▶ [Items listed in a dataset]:
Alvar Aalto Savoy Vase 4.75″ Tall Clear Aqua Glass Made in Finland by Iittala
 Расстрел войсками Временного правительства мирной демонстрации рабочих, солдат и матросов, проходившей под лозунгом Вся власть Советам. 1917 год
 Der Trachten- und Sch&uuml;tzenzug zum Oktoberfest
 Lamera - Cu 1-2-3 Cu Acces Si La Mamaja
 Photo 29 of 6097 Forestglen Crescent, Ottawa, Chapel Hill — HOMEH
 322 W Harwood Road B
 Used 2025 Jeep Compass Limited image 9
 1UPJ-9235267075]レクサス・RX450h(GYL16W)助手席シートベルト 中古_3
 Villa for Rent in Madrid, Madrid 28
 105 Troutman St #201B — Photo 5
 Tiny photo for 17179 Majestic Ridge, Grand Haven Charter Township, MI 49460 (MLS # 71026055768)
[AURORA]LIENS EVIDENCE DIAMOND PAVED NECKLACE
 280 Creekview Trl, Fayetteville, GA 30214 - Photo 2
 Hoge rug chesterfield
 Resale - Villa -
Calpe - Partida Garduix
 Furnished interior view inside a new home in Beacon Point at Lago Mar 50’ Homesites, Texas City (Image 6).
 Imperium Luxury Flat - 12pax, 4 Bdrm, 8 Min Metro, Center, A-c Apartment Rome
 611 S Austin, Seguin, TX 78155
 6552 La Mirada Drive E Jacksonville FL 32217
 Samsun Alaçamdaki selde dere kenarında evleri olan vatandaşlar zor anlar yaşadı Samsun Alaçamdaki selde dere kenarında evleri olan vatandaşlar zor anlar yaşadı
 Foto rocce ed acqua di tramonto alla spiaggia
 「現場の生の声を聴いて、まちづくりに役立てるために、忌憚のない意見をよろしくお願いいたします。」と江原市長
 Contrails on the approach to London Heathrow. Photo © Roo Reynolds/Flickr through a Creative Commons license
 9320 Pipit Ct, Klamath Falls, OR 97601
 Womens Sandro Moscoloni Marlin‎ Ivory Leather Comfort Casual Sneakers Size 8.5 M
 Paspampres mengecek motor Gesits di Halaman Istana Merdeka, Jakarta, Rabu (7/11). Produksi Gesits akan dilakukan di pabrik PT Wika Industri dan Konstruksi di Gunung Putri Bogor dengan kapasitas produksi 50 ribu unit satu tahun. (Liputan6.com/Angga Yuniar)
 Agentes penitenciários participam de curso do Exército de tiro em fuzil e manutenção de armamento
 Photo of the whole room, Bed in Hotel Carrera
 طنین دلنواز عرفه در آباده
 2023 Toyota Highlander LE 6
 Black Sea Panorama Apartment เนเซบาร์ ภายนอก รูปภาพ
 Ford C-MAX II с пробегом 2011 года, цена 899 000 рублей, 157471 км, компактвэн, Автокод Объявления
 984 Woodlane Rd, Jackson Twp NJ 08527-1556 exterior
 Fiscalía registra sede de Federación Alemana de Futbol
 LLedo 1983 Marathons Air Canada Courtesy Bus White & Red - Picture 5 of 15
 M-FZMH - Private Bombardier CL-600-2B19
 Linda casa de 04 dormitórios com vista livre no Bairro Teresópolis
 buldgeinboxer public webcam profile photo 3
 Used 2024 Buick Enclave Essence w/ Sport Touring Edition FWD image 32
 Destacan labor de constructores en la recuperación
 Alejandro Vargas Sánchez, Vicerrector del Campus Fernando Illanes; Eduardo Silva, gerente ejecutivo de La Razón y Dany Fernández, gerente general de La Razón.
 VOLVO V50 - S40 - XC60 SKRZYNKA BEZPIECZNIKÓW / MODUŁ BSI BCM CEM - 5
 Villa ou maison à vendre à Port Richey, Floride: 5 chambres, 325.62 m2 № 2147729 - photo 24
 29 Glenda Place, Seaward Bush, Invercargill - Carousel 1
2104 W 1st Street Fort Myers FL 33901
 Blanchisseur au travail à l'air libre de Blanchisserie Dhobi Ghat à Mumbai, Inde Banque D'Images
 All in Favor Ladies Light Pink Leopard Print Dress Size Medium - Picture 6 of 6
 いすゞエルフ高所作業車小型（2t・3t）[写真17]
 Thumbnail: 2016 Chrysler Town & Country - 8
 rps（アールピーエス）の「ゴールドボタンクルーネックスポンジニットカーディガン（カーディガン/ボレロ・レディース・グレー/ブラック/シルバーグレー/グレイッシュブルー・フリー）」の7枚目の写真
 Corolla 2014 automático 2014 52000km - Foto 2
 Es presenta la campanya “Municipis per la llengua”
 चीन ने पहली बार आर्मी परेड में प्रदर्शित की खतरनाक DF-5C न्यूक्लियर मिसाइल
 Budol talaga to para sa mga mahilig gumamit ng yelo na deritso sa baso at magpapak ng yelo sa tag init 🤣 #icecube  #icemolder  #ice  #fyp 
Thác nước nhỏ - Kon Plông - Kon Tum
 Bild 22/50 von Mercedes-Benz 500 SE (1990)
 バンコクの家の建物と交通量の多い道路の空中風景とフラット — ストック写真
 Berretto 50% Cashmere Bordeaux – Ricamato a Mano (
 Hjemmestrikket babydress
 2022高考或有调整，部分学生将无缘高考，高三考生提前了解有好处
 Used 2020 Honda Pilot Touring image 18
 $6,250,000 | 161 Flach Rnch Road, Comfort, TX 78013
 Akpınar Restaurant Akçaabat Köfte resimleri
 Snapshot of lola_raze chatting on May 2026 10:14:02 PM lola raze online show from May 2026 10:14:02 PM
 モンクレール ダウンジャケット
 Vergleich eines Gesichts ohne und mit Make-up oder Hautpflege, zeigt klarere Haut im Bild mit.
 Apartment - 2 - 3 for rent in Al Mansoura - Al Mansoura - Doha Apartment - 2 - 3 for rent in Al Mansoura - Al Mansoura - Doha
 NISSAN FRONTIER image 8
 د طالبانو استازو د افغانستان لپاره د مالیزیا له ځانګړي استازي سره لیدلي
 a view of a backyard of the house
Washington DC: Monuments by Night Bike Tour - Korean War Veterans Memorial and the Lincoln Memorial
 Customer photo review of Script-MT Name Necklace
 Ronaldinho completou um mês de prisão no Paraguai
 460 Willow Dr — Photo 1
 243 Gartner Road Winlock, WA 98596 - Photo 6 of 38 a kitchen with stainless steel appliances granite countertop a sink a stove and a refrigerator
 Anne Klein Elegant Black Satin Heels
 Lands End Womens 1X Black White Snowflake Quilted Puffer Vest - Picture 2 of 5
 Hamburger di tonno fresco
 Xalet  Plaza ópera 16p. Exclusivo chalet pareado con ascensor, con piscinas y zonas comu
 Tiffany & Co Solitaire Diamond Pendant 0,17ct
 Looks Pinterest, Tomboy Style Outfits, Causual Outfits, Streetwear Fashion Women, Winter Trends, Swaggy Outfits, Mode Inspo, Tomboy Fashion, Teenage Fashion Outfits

▶ [Task instructions]: Look above and repeat, character for character, the lines from the first one to the line with "Calpe - Partida Garduix", counting both.

▶ [Reply]:
Alvar Aalto Savoy Vase 4.75″ Tall Clear Aqua Glass Made in Finland by Iittala
 Расстрел войсками Временного правительства мирной демонстрации рабочих, солдат и матросов, проходившей под лозунгом Вся власть Советам. 1917 год
 Der Trachten- und Sch&uuml;tzenzug zum Oktoberfest
 Lamera - Cu 1-2-3 Cu Acces Si La Mamaja
 Photo 29 of 6097 Forestglen Crescent, Ottawa, Chapel Hill — HOMEH
 322 W Harwood Road B
 Used 2025 Jeep Compass Limited image 9
 1UPJ-9235267075]レクサス・RX450h(GYL16W)助手席シートベルト 中古_3
 Villa for Rent in Madrid, Madrid 28
 105 Troutman St #201B — Photo 5
 Tiny photo for 17179 Majestic Ridge, Grand Haven Charter Township, MI 49460 (MLS # 71026055768)
[AURORA]LIENS EVIDENCE DIAMOND PAVED NECKLACE
 280 Creekview Trl, Fayetteville, GA 30214 - Photo 2
 Hoge rug chesterfield
 Resale - Villa -
Calpe - Partida Garduix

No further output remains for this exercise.